Sekjen PDI Perjuangan Hasto Kristiyanto menyampaikan keberatannya saat sidang lanjutan kasus dugaan suap dan obstruction of justice di Pengadilan Tipikor Jakarta, Jumat (16/5). Ia mempertanyakan dasar tuduhan bahwa dirinya memerintahkan penenggelaman ponsel milik Harun Masiku.
Hasto melontarkan pertanyaan langsung kepada Arif Budi Raharjo, penyelidik KPK yang hadir sebagai saksi fakta.
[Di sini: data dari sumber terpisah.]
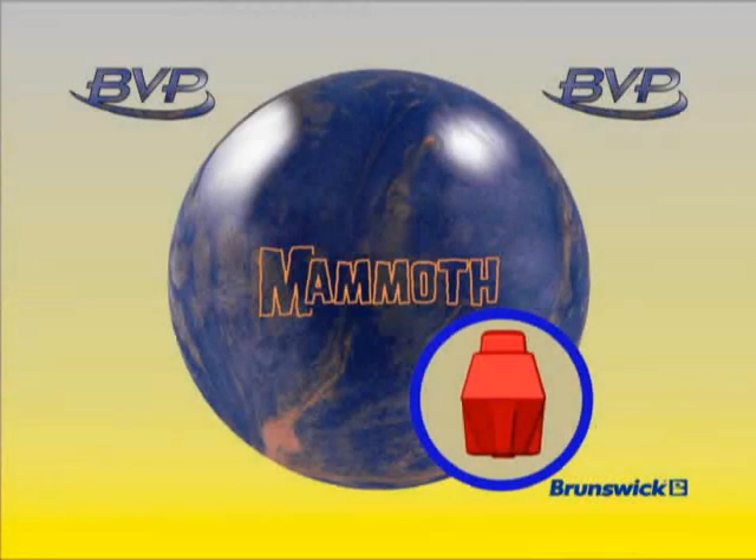Introducing the BVP Mammoth. Hi, I'm Bill Wasserberger, Director of Research and Development for Brunswick Consumer Products.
Ia menolak tudingan bahwa dirinya merupakan sosok "bapak" yang disebut-sebut memberi perintah kepada Harun Masiku melalui Nur Hasan, seorang satpam di Rumah Aspirasi PDIP.
"Pertanyaan saya adalah kepada saudara saksi, karena itu yang dijadikan sebagai bukti keterlibatan karena ada pertanyaan terhadap saudara saksi apakah saudara Hasto terlibat dalam obstruction of justice? Darimana saudara saksi punya fakta penenggelaman itu adalah perintah saya?" tanya Hasto di ruang sidang utama Pengadilan Negeri Tipikor Jakarta, Jumat (16/5).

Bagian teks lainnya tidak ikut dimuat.